The sun’s stains are scrawled across my arm. I re-live every perfect note its melody strummed across my skin. I went to bed last night with ointment, bandages and a spanking. My nightly playtime was also cut down from twenty minutes to ten. On tonight’s agenda: create a horoscope in the tree house, perform sun salutations, and end with the weekly glow stick count. The rain embraces my skin in ways the sun never does as I scale the tree house ladder. Tonight’s horoscope requires some extra thought so it takes me three minutes. Aquarius: your wish for eternal sunscreen will be granted. I am not very flexible and according to my watch the sun salutations required one minute of my time. It is back up the tree house for me to perform the glow stick count. Behind the bookshelf I pull out a sack of glow sticks. I have been collecting since I was four; since I was first told I would never be allowed in the sunshine again. If my calculations are correct, it would take one thousand eight hundred and seventy two glow sticks to fabricate the presence of the sun in my tree house. My current count: one hundred nineteen. I check my watch and slump my shoulders in disappointment. It has taken me five minutes to complete the agenda. Failure; Madonna would not be impressed. I lie down on the moist grass, rain falling like pin pricks into my open eyes. I take in the sight of a crescent moon cloaked in gauzy clouds. When I wish on the little suns tonight, it is not about my normal wishes. Tonight I wish about my future.

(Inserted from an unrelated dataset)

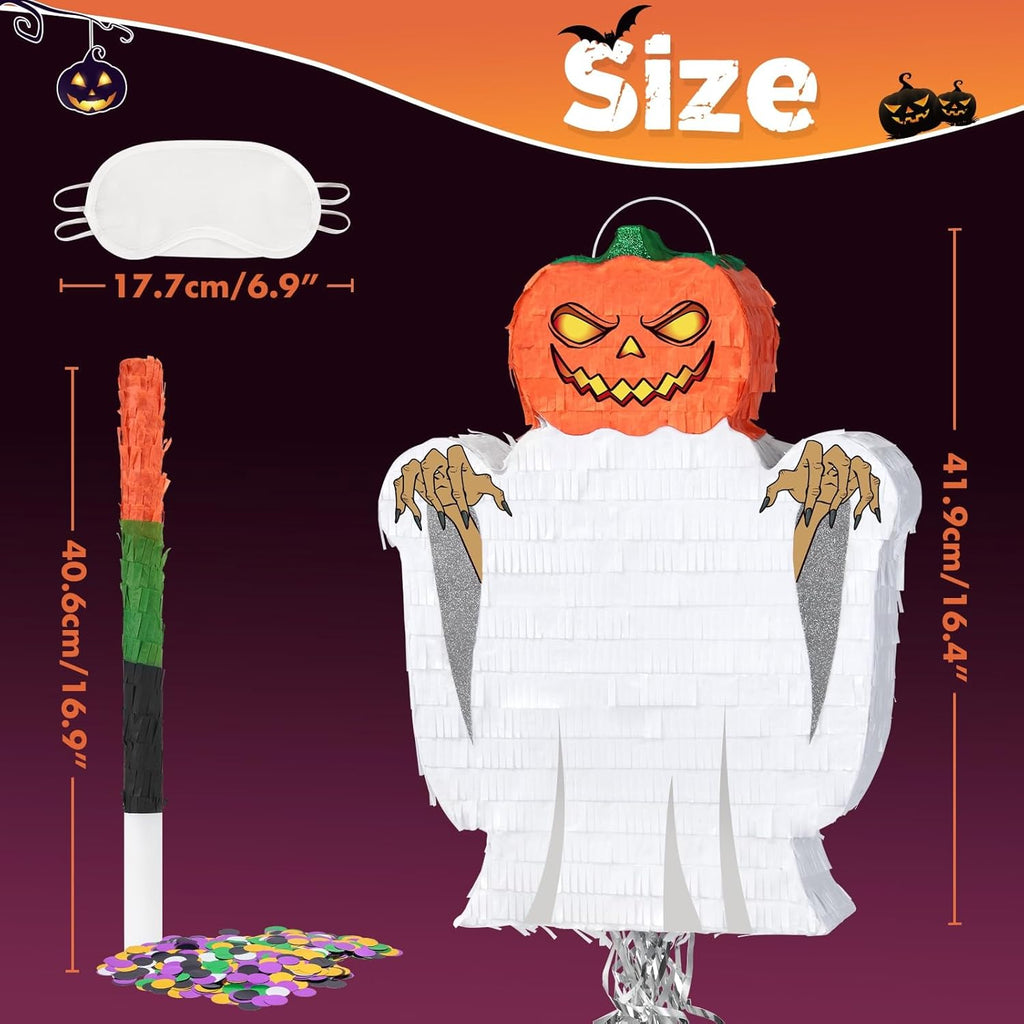 WERNNSAI Halloween Ghost Pinata - Halloween Party Decorations Hallow-een Pumpkin Party Games for Kids Trick or Treat Theme Party Haunted House Jack O Lantern Decorations with Bat Blindfold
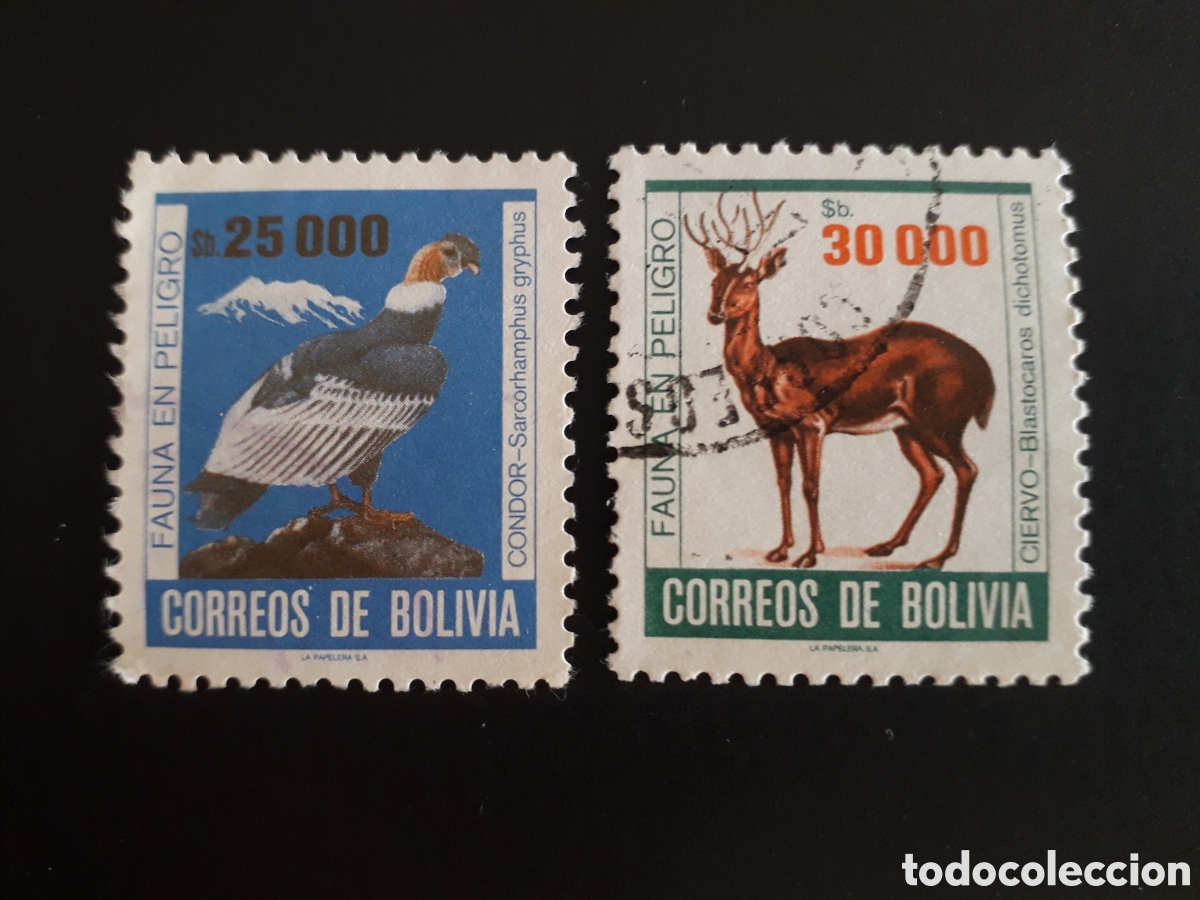 Sellos: BOLIVIA YVERT 658/9 SERIE COMPLETA USADA 1985 FAUNA CIERVO C&Oacute;NDOR AVES PEDIDO M&Iacute;NIMO 3&euro;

When I look to the future, to my final moments in old age, I like to imagine myself in Antarctica; the darkest place on earth. The night will be upon me and I will be performing my sun salutations for the final time; a farewell to the sun and the person it made me. I will then be sitting in lotus position stretching my palms to the sky, the moon, and the stars; my body no longer the canvas of the suns’ brush strokes. When I inhale my last breath, my one wish is this: to follow the phases of the moon in the sky, to become a crystal in the fibre of midnight.


The author's comments:
A note on xeroderma pigmentosum:
XP is a genetic disease characterized by extreme sensitivity to sunlight and it often results in skin cancer at a very early age. XP is due to the defective repair of damage done to the DNA from UV light rays. Uninfected people can repair the damage from UV light, yet damage done to persons with XP is irreversible. Exposure to sun results in extreme sunburns, dryness of skin, blistering and freckles; all of this occurs in a matter of minutes. Children with XP can only play outdoors safely after nightfall and are therefore often referred to as night children, midnight children, and children of the dark.